** What is required **
Every record, from first to last, should be retyped word for word.

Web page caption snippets
◆ ◆ ◆ ◆

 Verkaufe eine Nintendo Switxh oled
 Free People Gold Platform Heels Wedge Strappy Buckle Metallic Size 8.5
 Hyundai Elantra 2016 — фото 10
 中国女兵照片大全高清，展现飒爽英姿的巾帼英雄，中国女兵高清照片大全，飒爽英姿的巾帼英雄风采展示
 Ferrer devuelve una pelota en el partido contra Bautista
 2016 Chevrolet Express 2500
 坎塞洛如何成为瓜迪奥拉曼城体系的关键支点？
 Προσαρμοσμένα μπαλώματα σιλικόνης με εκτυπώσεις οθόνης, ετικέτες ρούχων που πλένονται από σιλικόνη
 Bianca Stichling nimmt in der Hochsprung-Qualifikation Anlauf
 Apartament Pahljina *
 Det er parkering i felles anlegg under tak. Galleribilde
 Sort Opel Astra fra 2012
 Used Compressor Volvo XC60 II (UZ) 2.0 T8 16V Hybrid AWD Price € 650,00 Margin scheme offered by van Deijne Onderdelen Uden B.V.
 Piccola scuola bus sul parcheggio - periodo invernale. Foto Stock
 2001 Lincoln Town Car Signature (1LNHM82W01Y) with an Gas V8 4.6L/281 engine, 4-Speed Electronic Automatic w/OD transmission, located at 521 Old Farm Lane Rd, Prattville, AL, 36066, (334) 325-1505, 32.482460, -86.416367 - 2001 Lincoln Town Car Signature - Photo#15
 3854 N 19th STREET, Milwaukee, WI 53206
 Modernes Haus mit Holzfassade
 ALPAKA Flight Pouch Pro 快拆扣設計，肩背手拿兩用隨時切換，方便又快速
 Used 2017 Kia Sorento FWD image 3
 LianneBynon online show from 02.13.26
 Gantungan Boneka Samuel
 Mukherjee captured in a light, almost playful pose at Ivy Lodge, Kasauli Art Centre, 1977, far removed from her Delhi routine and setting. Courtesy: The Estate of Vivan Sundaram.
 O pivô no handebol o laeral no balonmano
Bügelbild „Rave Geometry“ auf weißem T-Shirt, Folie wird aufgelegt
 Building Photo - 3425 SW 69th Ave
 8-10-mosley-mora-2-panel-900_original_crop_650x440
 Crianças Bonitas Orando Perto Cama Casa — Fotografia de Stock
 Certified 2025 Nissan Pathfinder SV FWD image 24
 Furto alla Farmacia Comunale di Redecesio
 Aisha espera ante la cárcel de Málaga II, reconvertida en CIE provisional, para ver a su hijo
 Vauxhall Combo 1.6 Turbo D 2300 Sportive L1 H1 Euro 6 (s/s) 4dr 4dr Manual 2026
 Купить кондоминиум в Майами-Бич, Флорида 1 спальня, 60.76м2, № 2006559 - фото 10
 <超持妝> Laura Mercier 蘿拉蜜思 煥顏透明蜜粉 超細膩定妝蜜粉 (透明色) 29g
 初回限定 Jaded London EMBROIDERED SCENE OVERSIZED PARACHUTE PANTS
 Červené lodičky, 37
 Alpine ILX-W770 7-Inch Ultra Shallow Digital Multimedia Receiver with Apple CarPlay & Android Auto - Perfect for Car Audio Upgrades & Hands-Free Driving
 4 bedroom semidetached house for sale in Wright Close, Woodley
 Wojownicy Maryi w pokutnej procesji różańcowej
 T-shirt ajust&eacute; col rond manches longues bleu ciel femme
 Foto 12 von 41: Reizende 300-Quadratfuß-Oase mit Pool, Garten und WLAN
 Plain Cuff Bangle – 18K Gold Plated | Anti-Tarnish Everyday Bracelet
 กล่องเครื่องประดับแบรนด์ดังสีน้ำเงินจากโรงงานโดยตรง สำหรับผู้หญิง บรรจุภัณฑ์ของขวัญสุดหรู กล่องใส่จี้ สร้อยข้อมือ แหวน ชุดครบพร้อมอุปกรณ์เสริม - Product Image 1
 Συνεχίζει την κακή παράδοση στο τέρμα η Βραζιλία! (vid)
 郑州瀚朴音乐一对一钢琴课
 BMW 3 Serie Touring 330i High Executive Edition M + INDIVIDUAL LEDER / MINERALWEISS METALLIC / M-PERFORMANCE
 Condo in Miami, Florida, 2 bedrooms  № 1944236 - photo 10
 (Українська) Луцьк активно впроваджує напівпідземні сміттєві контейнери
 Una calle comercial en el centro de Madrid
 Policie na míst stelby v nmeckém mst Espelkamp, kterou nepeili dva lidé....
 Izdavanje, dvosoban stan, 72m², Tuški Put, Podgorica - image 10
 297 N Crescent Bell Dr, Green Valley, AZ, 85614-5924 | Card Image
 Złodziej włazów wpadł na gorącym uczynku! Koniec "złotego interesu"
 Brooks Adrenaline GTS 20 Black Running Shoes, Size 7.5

◆ ◆ ◆ ◆

** Exercise answer **
 Verkaufe eine Nintendo Switxh oled
 Free People Gold Platform Heels Wedge Strappy Buckle Metallic Size 8.5
 Hyundai Elantra 2016 — фото 10
 中国女兵照片大全高清，展现飒爽英姿的巾帼英雄，中国女兵高清照片大全，飒爽英姿的巾帼英雄风采展示
 Ferrer devuelve una pelota en el partido contra Bautista
 2016 Chevrolet Express 2500
 坎塞洛如何成为瓜迪奥拉曼城体系的关键支点？
 Προσαρμοσμένα μπαλώματα σιλικόνης με εκτυπώσεις οθόνης, ετικέτες ρούχων που πλένονται από σιλικόνη
 Bianca Stichling nimmt in der Hochsprung-Qualifikation Anlauf
 Apartament Pahljina *
 Det er parkering i felles anlegg under tak. Galleribilde
 Sort Opel Astra fra 2012
 Used Compressor Volvo XC60 II (UZ) 2.0 T8 16V Hybrid AWD Price € 650,00 Margin scheme offered by van Deijne Onderdelen Uden B.V.
 Piccola scuola bus sul parcheggio - periodo invernale. Foto Stock
 2001 Lincoln Town Car Signature (1LNHM82W01Y) with an Gas V8 4.6L/281 engine, 4-Speed Electronic Automatic w/OD transmission, located at 521 Old Farm Lane Rd, Prattville, AL, 36066, (334) 325-1505, 32.482460, -86.416367 - 2001 Lincoln Town Car Signature - Photo#15
 3854 N 19th STREET, Milwaukee, WI 53206
 Modernes Haus mit Holzfassade
 ALPAKA Flight Pouch Pro 快拆扣設計，肩背手拿兩用隨時切換，方便又快速
 Used 2017 Kia Sorento FWD image 3
 LianneBynon online show from 02.13.26
 Gantungan Boneka Samuel
 Mukherjee captured in a light, almost playful pose at Ivy Lodge, Kasauli Art Centre, 1977, far removed from her Delhi routine and setting. Courtesy: The Estate of Vivan Sundaram.
 O pivô no handebol o laeral no balonmano
Bügelbild „Rave Geometry“ auf weißem T-Shirt, Folie wird aufgelegt
 Building Photo - 3425 SW 69th Ave
 8-10-mosley-mora-2-panel-900_original_crop_650x440
 Crianças Bonitas Orando Perto Cama Casa — Fotografia de Stock
 Certified 2025 Nissan Pathfinder SV FWD image 24
 Furto alla Farmacia Comunale di Redecesio
 Aisha espera ante la cárcel de Málaga II, reconvertida en CIE provisional, para ver a su hijo
 Vauxhall Combo 1.6 Turbo D 2300 Sportive L1 H1 Euro 6 (s/s) 4dr 4dr Manual 2026
 Купить кондоминиум в Майами-Бич, Флорида 1 спальня, 60.76м2, № 2006559 - фото 10
 <超持妝> Laura Mercier 蘿拉蜜思 煥顏透明蜜粉 超細膩定妝蜜粉 (透明色) 29g
 初回限定 Jaded London EMBROIDERED SCENE OVERSIZED PARACHUTE PANTS
 Červené lodičky, 37
 Alpine ILX-W770 7-Inch Ultra Shallow Digital Multimedia Receiver with Apple CarPlay & Android Auto - Perfect for Car Audio Upgrades & Hands-Free Driving
 4 bedroom semidetached house for sale in Wright Close, Woodley
 Wojownicy Maryi w pokutnej procesji różańcowej
 T-shirt ajust&eacute; col rond manches longues bleu ciel femme
 Foto 12 von 41: Reizende 300-Quadratfuß-Oase mit Pool, Garten und WLAN
 Plain Cuff Bangle – 18K Gold Plated | Anti-Tarnish Everyday Bracelet
 กล่องเครื่องประดับแบรนด์ดังสีน้ำเงินจากโรงงานโดยตรง สำหรับผู้หญิง บรรจุภัณฑ์ของขวัญสุดหรู กล่องใส่จี้ สร้อยข้อมือ แหวน ชุดครบพร้อมอุปกรณ์เสริม - Product Image 1
 Συνεχίζει την κακή παράδοση στο τέρμα η Βραζιλία! (vid)
 郑州瀚朴音乐一对一钢琴课
 BMW 3 Serie Touring 330i High Executive Edition M + INDIVIDUAL LEDER / MINERALWEISS METALLIC / M-PERFORMANCE
 Condo in Miami, Florida, 2 bedrooms  № 1944236 - photo 10
 (Українська) Луцьк активно впроваджує напівпідземні сміттєві контейнери
 Una calle comercial en el centro de Madrid
 Policie na míst stelby v nmeckém mst Espelkamp, kterou nepeili dva lidé....
 Izdavanje, dvosoban stan, 72m², Tuški Put, Podgorica - image 10
 297 N Crescent Bell Dr, Green Valley, AZ, 85614-5924 | Card Image
 Złodziej włazów wpadł na gorącym uczynku! Koniec "złotego interesu"
 Brooks Adrenaline GTS 20 Black Running Shoes, Size 7.5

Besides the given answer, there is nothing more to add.